### WHAT YOU ARE ASKED TO DO
All the lines below need to be output exactly, apart from any images.

Items listed in a dataset
*** Block opens ***

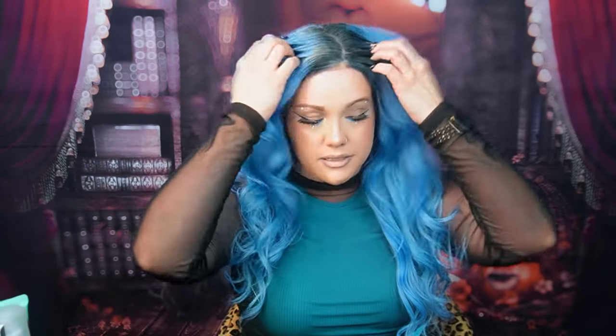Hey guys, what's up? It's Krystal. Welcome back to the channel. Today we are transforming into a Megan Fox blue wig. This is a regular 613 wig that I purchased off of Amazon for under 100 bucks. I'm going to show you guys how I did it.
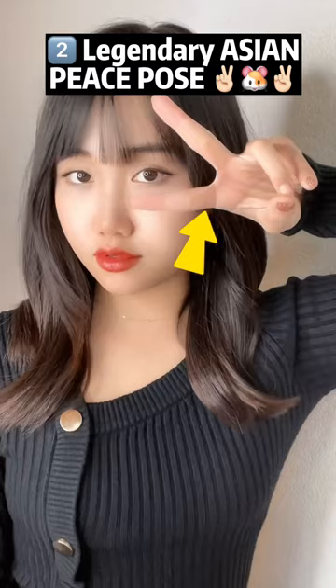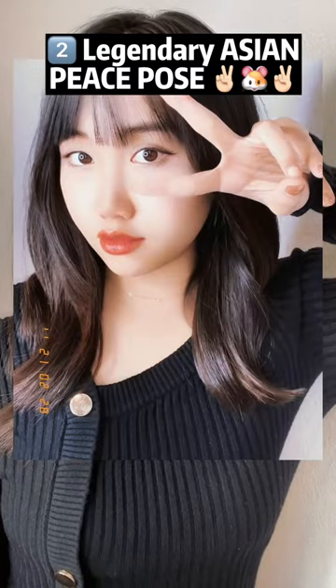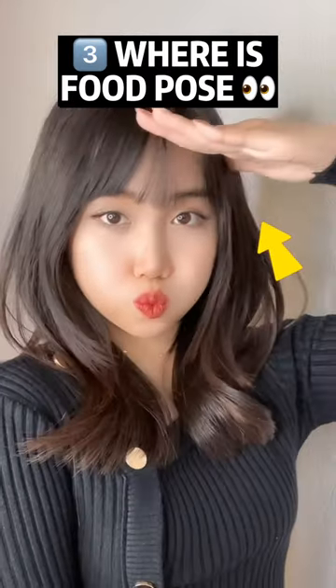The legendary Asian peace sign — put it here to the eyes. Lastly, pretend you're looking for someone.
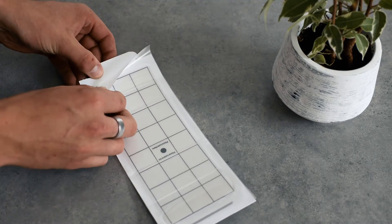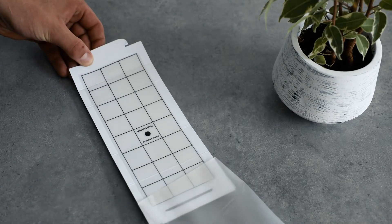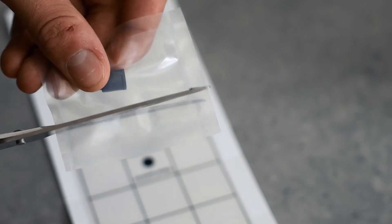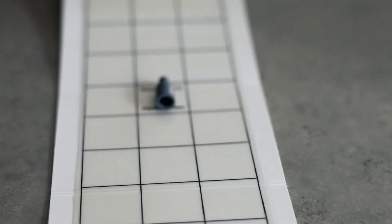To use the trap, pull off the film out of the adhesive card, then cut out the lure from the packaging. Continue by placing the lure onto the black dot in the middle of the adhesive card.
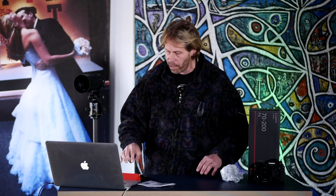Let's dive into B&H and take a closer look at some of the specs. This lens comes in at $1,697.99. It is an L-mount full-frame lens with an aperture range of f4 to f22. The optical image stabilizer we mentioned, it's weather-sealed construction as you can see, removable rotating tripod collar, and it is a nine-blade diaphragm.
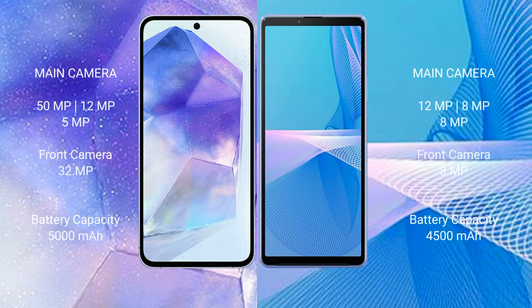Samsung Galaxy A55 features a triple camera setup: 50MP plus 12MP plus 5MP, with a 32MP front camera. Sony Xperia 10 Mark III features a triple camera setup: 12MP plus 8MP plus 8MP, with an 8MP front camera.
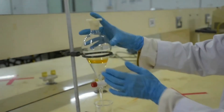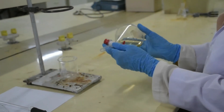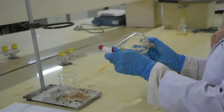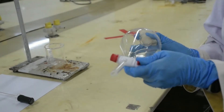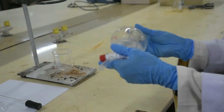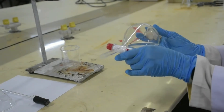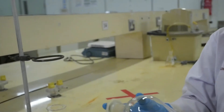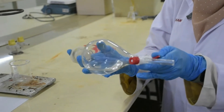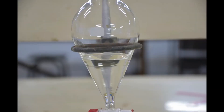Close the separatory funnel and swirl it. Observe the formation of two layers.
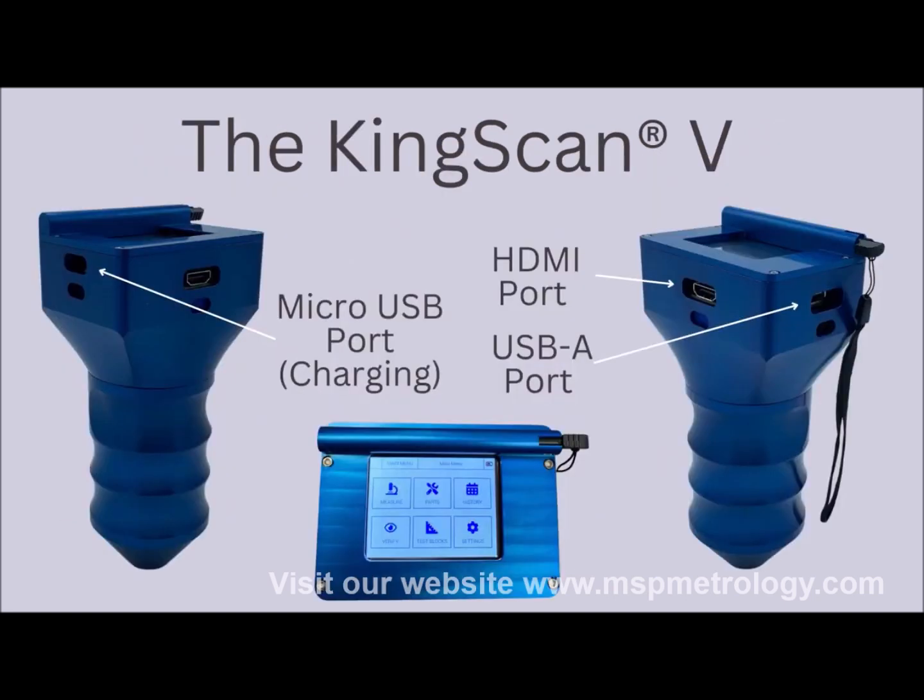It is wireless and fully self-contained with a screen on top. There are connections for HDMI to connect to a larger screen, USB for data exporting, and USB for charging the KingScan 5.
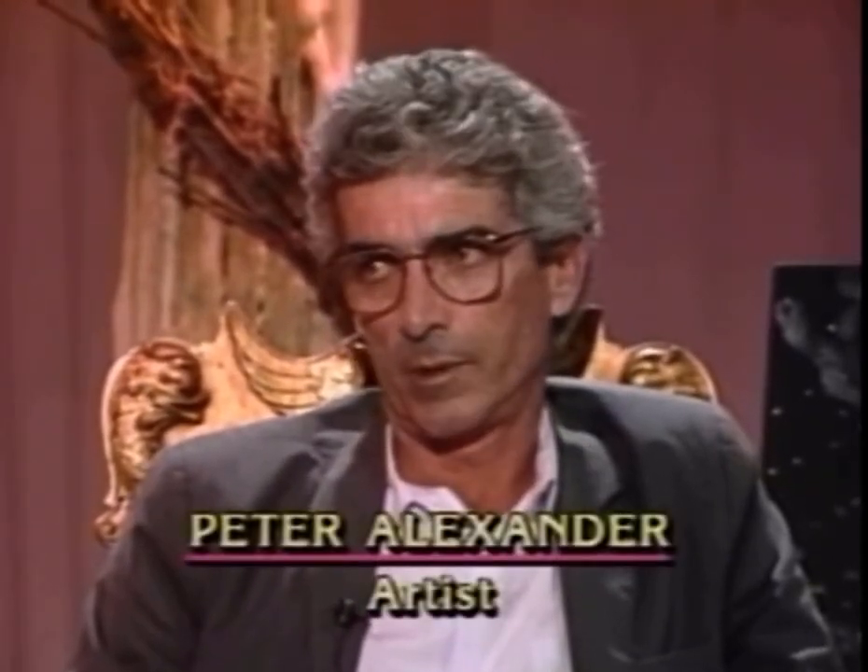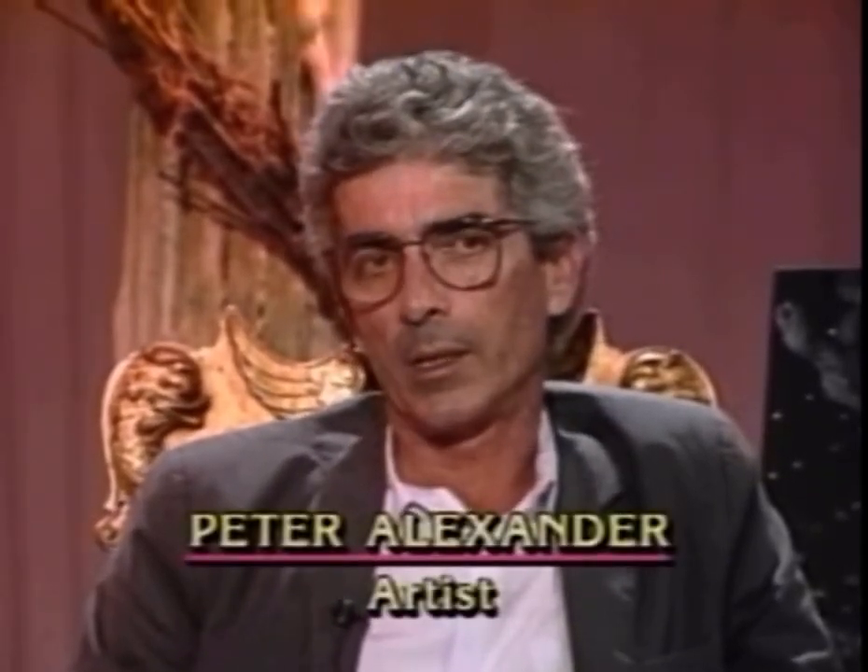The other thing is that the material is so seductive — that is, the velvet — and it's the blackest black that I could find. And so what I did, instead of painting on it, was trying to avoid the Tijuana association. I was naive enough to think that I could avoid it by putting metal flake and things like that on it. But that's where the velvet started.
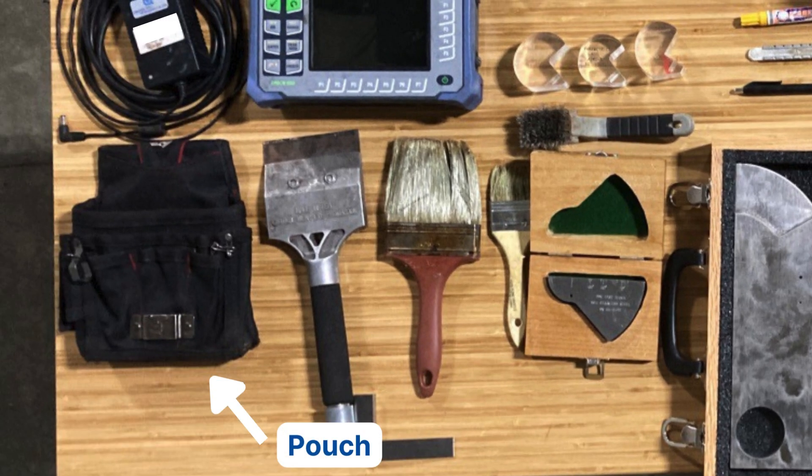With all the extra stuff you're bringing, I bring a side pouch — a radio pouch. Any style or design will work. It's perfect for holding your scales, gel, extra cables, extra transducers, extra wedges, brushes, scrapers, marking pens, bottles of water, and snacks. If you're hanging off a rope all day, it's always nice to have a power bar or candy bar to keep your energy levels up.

*** Block closes ***

### ANSWER TO THIS TASK
Hey guys, what's up? It's Krystal. Welcome back to the channel. Today we are transforming into a Megan Fox blue wig. This is a regular 613 wig that I purchased off of Amazon for under 100 bucks. I'm going to show you guys how I did it.
The legendary Asian peace sign — put it here to the eyes. Lastly, pretend you're looking for someone.
To use the trap, pull off the film out of the adhesive card, then cut out the lure from the packaging. Continue by placing the lure onto the black dot in the middle of the adhesive card.
Let's dive into B&H and take a closer look at some of the specs. This lens comes in at $1,697.99. It is an L-mount full-frame lens with an aperture range of f4 to f22. The optical image stabilizer we mentioned, it's weather-sealed construction as you can see, removable rotating tripod collar, and it is a nine-blade diaphragm.
Samsung Galaxy A55 features a triple camera setup: 50MP plus 12MP plus 5MP, with a 32MP front camera. Sony Xperia 10 Mark III features a triple camera setup: 12MP plus 8MP plus 8MP, with an 8MP front camera.
Close the separatory funnel and swirl it. Observe the formation of two layers.
It is wireless and fully self-contained with a screen on top. There are connections for HDMI to connect to a larger screen, USB for data exporting, and USB for charging the KingScan 5.
The other thing is that the material is so seductive — that is, the velvet — and it's the blackest black that I could find. And so what I did, instead of painting on it, was trying to avoid the Tijuana association. I was naive enough to think that I could avoid it by putting metal flake and things like that on it. But that's where the velvet started.
With all the extra stuff you're bringing, I bring a side pouch — a radio pouch. Any style or design will work. It's perfect for holding your scales, gel, extra cables, extra transducers, extra wedges, brushes, scrapers, marking pens, bottles of water, and snacks. If you're hanging off a rope all day, it's always nice to have a power bar or candy bar to keep your energy levels up.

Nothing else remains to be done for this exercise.